◆ Data provided:
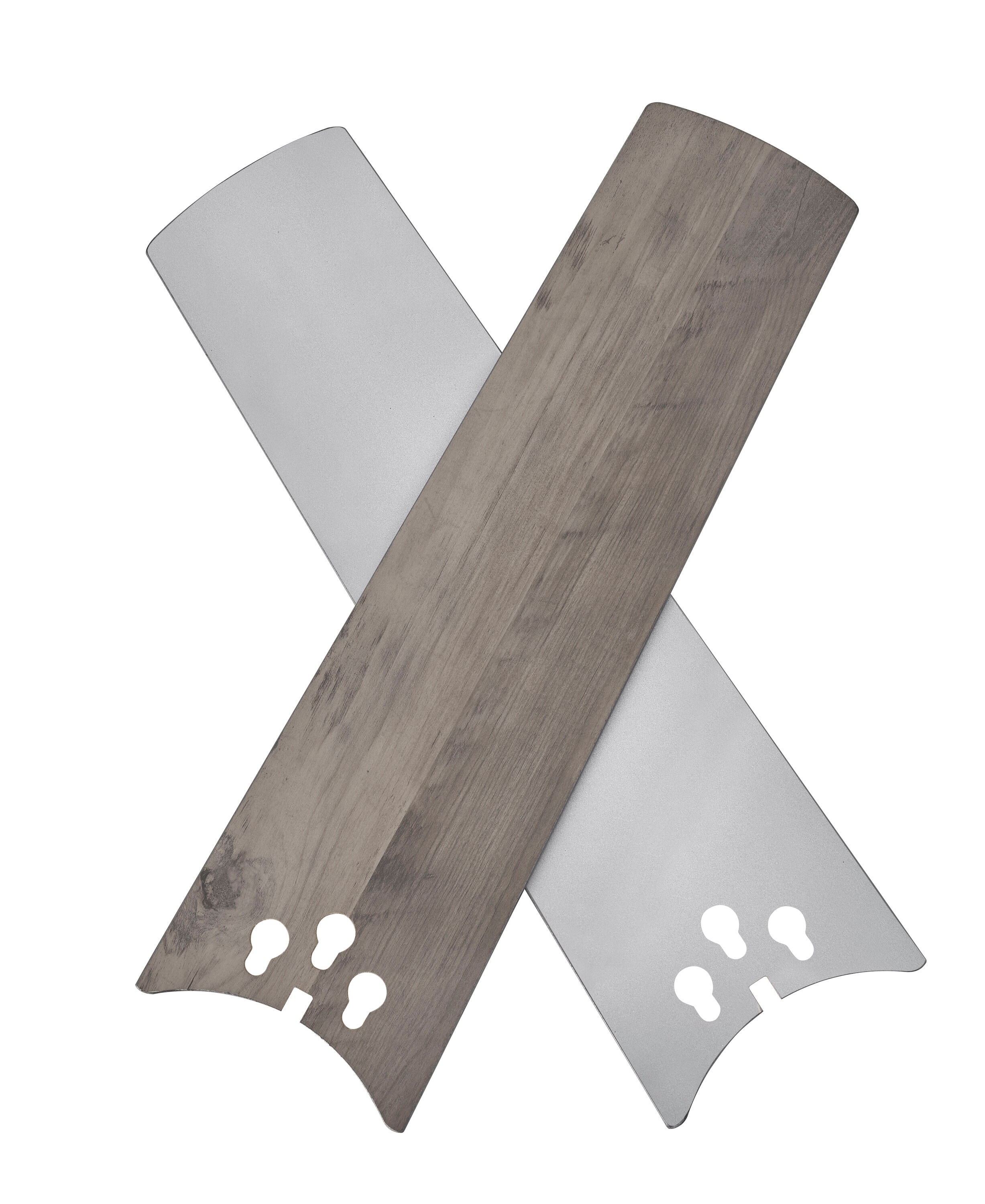 Brinson 44-in Integrated LED Brushed Nickel with Silver/Burnished Maple Blades Ceiling Fan With Light ( 3 -Blade ) - Image 9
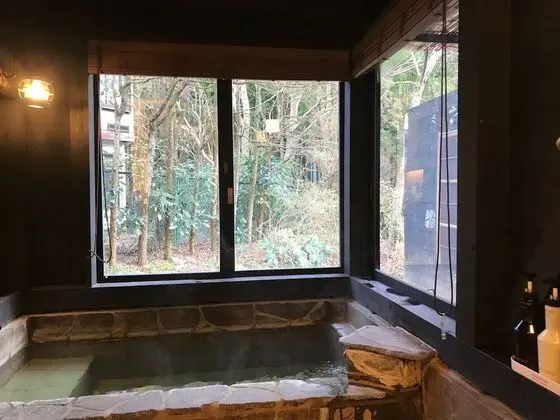 Superior İki Ayrı Yataklı Oda (with Private Partial Open-air Bath)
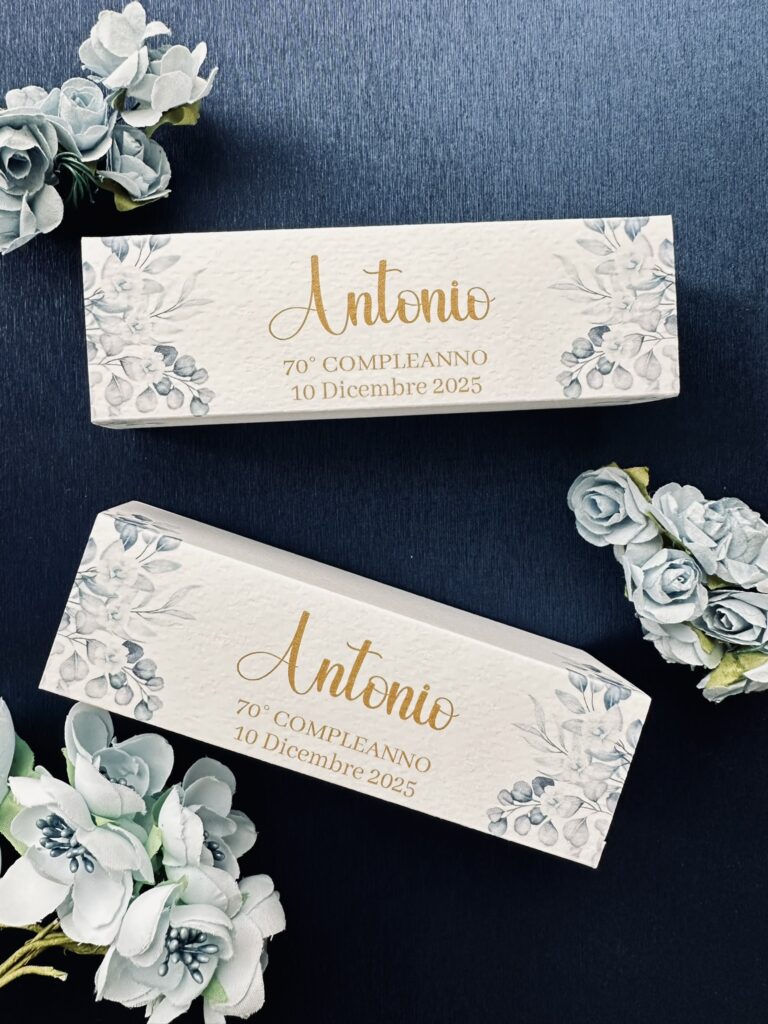 Scatola compleanno settantesimo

◆ Task details: Repeat verbatim the lines from the one holding "Superior İki Ayrı" through the end of the listing above, both ends included, but not the pictures.

◆ Output of the task:
 Superior İki Ayrı Yataklı Oda (with Private Partial Open-air Bath)
 Scatola compleanno settantesimo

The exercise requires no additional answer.